The bad news is that, despite AIG’s problems, the insurance industry emerged from the 2008 Mortgage Meltdown with far less egg on its collective face than did its Wall Street counterparts. Which means that the larger insurers undoubtedly still have considerable political capital in Washington which they have never been bashful about using when they feel threatened. As you may have heard, the insurance industry does not like this whole fiduciary thing one tiny bit.
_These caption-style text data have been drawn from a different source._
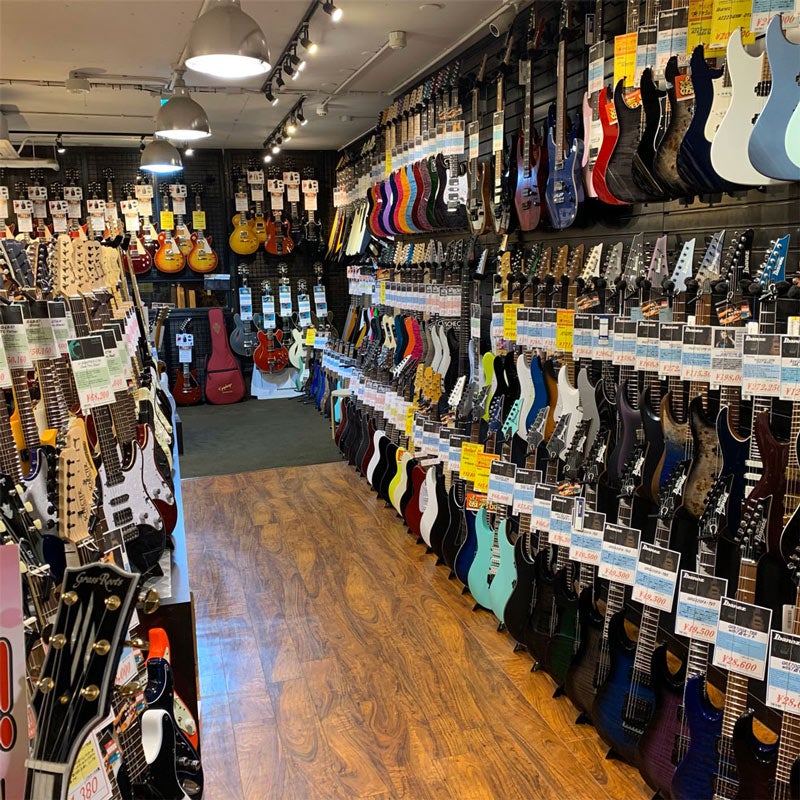 池部楽器店 プレミアムギターズ_3枚目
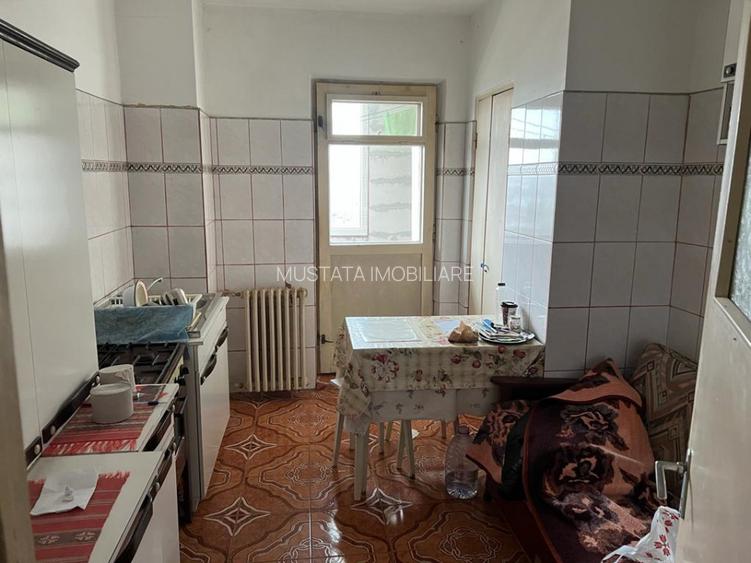 Apartament 2 camere confort 1 decomandat Radu Negru fara imbunatatiri - 5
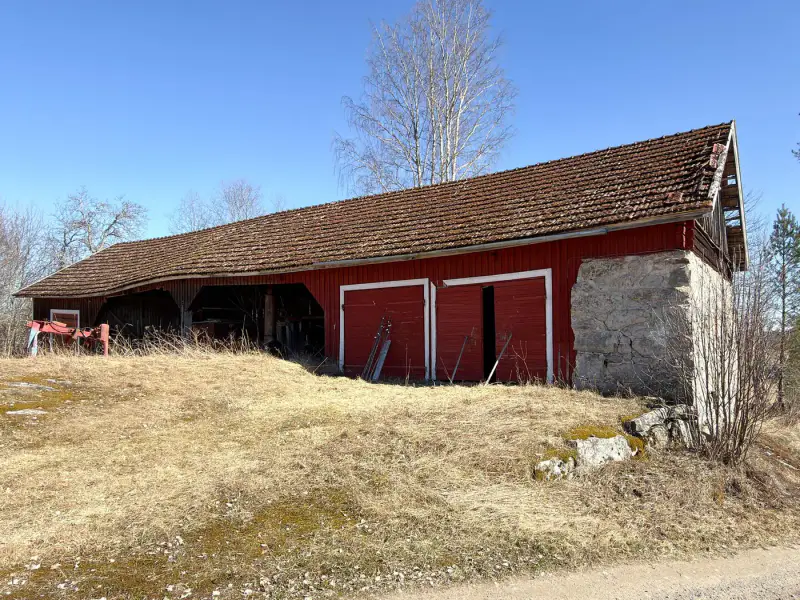 Ferme ancienne (XIXe siècle, 250 m²) sur 13,7 ha avec ~600 m de rive privée sur l’Osmajärvi — Sorsakoski, Leppävirta — 18
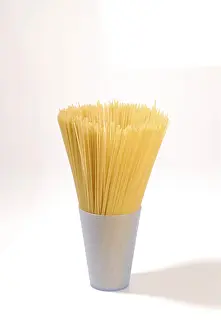 Isolated Foodstuff Images Drucke: Spaghetti in a cup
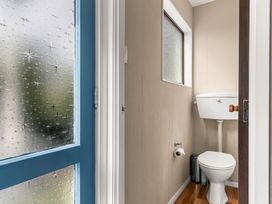 Panui Views - Snells Beach Holiday Home -  - 1184173 - thumbnail photo 21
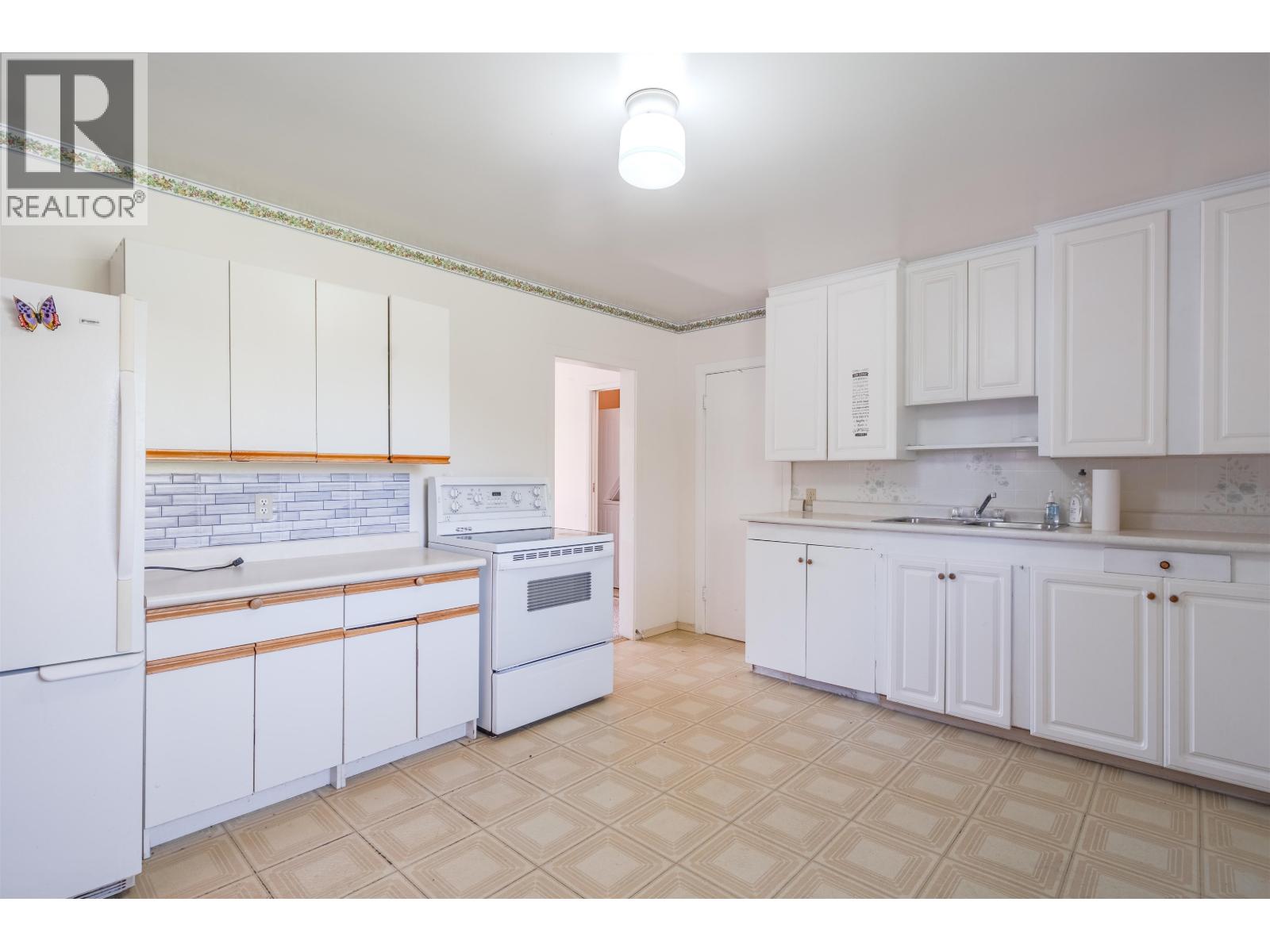 125-145 DOGWOOD AVENUE - 8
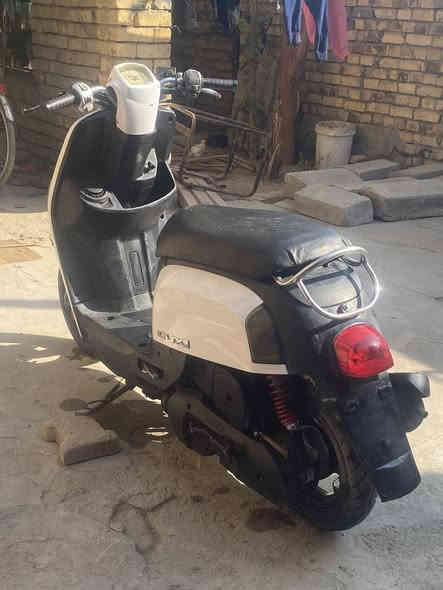 مكاني سوق الشيوخ دراجه بوليس مامفتوحه بلاد 49 شغاله سلف هندر كهربائياته كامله سعره 700 رقمي ***********
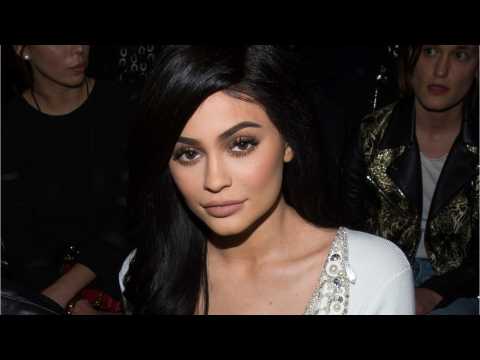 VIDEO : Is Kylie Jenner Announcing Her Pregnancy on KUWTK?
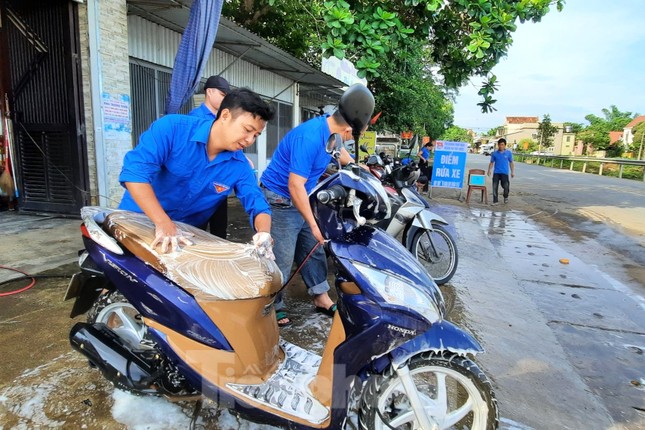 Một ngày rửa xe thu tiền triệu, bạn trẻ gây quỹ tặng trẻ em nghèo ảnh 5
The good news is that over the years, the insurance folks have never really seemed as, well, sophisticated as the securities guys. This rereg battle seems to be no exception. For example, here’s how Thomas Currey, president of the National Association of Insurance and Financial Advisors (NAIFA) explained his industry’s opposition to a fiduciary duty, as quoted in the Washington Post on March 7: “Most of us operate under contracts with a broker/dealer or insurance company, and you have an agreement that you’re going to look out after the interests of the company.” A fiduciary duty “puts a person with a contract like that in a really untenable situation. There is really no way you can equally serve those purposes.”

Oh, really? Is it just me, or is it hard to tell which side Mr. Currey is supporting here? I can only assume he believes this argument supports dropping an omnibus fiduciary duty for all financial advisors. But can you think of anything that argues more strongly in favor of such a duty than the fact that an agent can’t “equally serve” the company they work for and their client’s best interest?

Now, I’ve said it before and I’ll say it again: I don’t have any thing against sales people. Virtually all industries have them, and they’re essential to making our competitive economy work. And of course, some of my best friends are sales people, yadda, yadda, yadda. My problem is when salespeople want “customers” to think they are “advisors” with a duty to put their “client’s” interests first, when they have no such duty. Some people might say that’s tantamount to fraud.

Ironically, neither the House nor Senate versions of financial services reform legislation would require that a broker or insurance agent with a securities license become a “fiduciary advisor,” as long as they didn’t offer “investment advice.” So my question for the insurance industry is: “Why don’t you just have agents tell their customers; ‘We don’t work for you, we work for our insurance company,’ in no uncertain terms?” The answer, of course, is because they wouldn’t sell much. Isn’t that a pretty clear indication that there’s a problem with the way they currently do business?